Das, LG, ist der Sinn
von Kirche, die missionarische Volkskirche sein will und sein
soll. Mission bedeutet nichts anderes, als dass der König, der
leidende und siegende Gottesknecht durch sein Wort bei den Menschen
einzieht. Nichts anderes ist das Ziel der Mission: alle Menschen
sollen in dieses Gotteslob einstimmen. Manchen Christen scheint
dieses Ziel zu gering zu sein. Man spricht daher von Stabilisierung
der Kirchen - Mitgliedschaft; von wachsenden Gemeinden.
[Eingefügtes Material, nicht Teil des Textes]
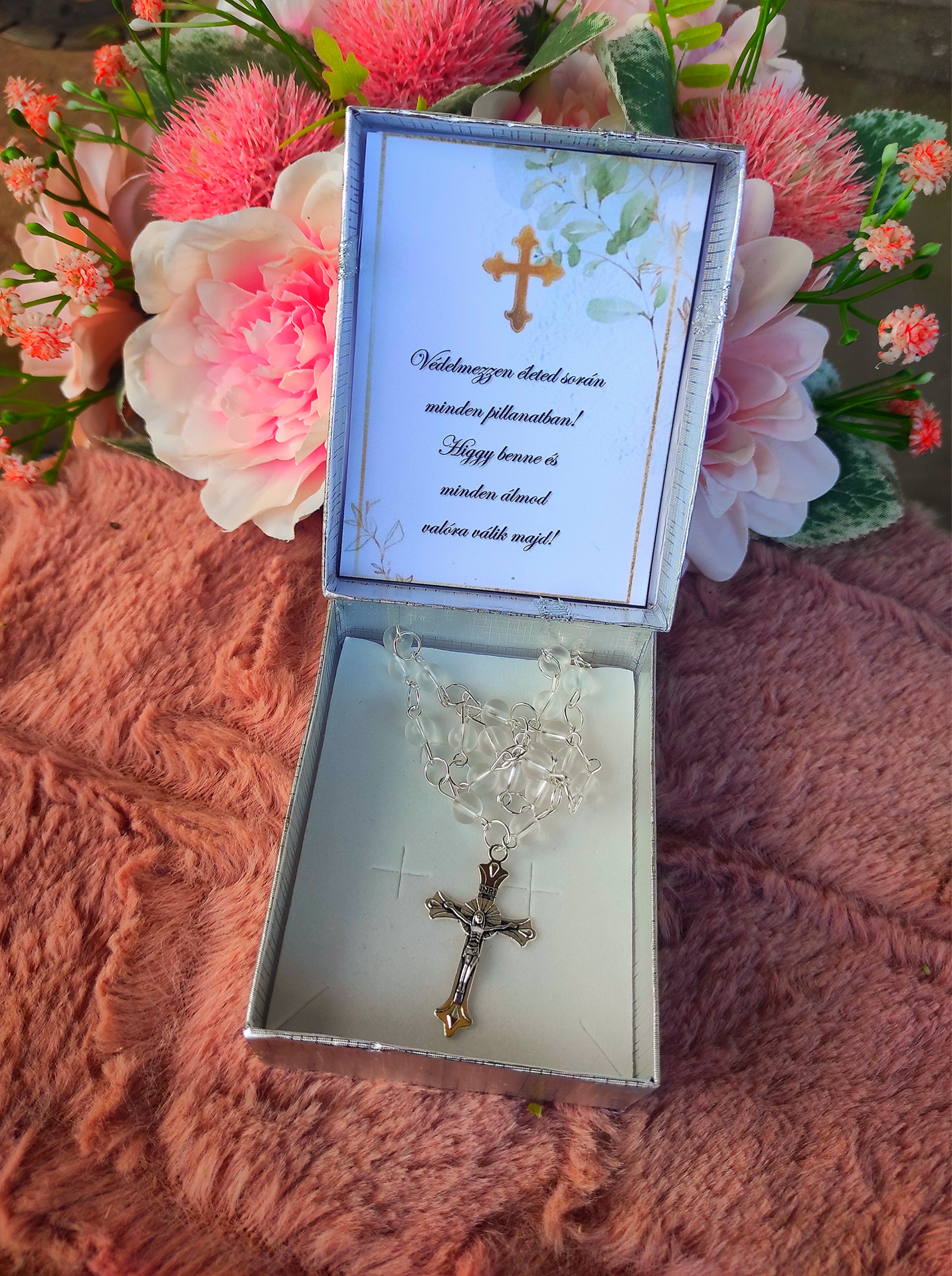 Keresztelő ajándék hegyikristály rózsafüzér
Dabei geht
es gar nicht um die Kirchen. Es geht um den König! Wo er Einzug hält,
können wir nicht anders, als ihn zu loben und ihm mit unserem Leben
die Ehre zu geben. Wir erfahren: er ist der König der ganzen Welt. Er
beauftragt mich, das jedem Menschen in Raderthal, in Köln oder in
Shanghai oder sonst wo auf der Welt mitzuteilen. Man kann nicht ihm
zujubeln und hier im GD feierlich singen: Ehre
sei Gott in der Höhe… und die Welt nicht für seine
Herrschaft ‚erobern’ wollen. Wer anfängt, Jesus zu loben,
der/die gibt keine Ruhe, bis die Welt in dieses Lob einstimmt. Wir können
doch nicht Jesus anbeten und die Menschen um uns herum, die Welt
tatenlos anderen Herren und Mächten überlassen.
Beispiel: JH Wichern / vor 200 Jahren in Hamburg; Raues Haus gegründet. Er
sah um sich herum erschütternde Bilder von Armut, Trunksucht,
Prostitution, Zerrüttung, und besonders: unfassliche
Kinderschicksale. Er nahm sich der Not seiner Zeit an, indem er sog.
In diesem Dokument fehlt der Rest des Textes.